Grace, que nunca había estado tan enamorada, intentó no perder la cabeza y que no se notase que estaba a punto de desmayarse de felicidad.

—¿De verdad? —preguntó—. ¿Por qué?

—Dentro de diez días regreso a Oriente Medio. La guerra está a punto de empezar, puede pasar cualquier cosa, y necesito un hijo.

—Qué práctico eres.

—Sí. Soy francés. «Mais après le mariage / mince de nettoyage, / La belle-mère! / on s’assied dessus!» —cantó. Siempre cantaba trocitos de canciones como éste. —Pero, desgraciadamente, no tendrás una belle-mère. Murió, la pobre, hace muchos años.

—Debo recordarte que estoy prometida a otra persona.

—Debo recordarte que tu comportamiento de un tiempo a esta parte no ha sido el de una prometida fiel.

—Un poco de coqueteo no significa nada en absoluto. Estoy prometida y no hay más que hablar.

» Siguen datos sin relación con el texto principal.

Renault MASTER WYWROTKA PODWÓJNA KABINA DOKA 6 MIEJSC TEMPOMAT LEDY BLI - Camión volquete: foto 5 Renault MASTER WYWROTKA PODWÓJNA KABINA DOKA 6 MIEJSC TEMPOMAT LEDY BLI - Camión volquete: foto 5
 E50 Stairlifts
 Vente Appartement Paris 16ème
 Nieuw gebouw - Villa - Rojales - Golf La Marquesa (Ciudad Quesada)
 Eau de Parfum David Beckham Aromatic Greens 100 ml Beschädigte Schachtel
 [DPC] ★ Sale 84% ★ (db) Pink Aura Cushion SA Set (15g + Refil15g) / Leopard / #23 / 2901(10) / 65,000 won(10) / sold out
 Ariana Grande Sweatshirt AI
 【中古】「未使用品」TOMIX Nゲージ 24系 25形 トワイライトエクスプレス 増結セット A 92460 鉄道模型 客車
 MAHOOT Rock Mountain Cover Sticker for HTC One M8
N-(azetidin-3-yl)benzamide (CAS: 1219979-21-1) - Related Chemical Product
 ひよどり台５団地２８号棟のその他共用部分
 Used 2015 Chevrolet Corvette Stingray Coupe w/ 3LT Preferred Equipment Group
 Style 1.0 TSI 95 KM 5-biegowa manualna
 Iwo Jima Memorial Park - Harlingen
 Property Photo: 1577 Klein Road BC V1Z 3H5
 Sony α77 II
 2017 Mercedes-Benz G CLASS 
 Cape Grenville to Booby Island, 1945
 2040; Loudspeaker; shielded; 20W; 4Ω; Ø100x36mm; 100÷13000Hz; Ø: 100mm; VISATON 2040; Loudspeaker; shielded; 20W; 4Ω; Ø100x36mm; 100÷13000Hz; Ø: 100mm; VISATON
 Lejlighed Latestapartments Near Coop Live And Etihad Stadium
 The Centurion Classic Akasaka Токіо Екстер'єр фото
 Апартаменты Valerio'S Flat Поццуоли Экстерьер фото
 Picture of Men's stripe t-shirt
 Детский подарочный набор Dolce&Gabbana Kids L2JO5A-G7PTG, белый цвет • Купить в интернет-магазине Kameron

—Prometida, sí. Pero casada y enamorada, no.

—Encariñada.

—¿Ah, sí?

—¿De verdad viste a Hughie en El Cairo?

—Le encontré muy soso. Dijo: «¿Vas a Londres? Visita a Grace». No parece muy inteligente por su parte. Así que te visité. Es un tipo aburrido.

—Muy guapo.

—Sí. ¿Qué te parece el miércoles?

—¿El miércoles qué?

—La boda. Ahora tengo que ir a hablar con tu padre, ¿dónde lo puedo encontrar?

—A estas horas estará en la Cámara de los Lores.

—Nunca hubiese imaginado que iba a acabar como yerno de la Comisión Allingham. Qué rara es la vida. Después volveré y te llevaré a cenar.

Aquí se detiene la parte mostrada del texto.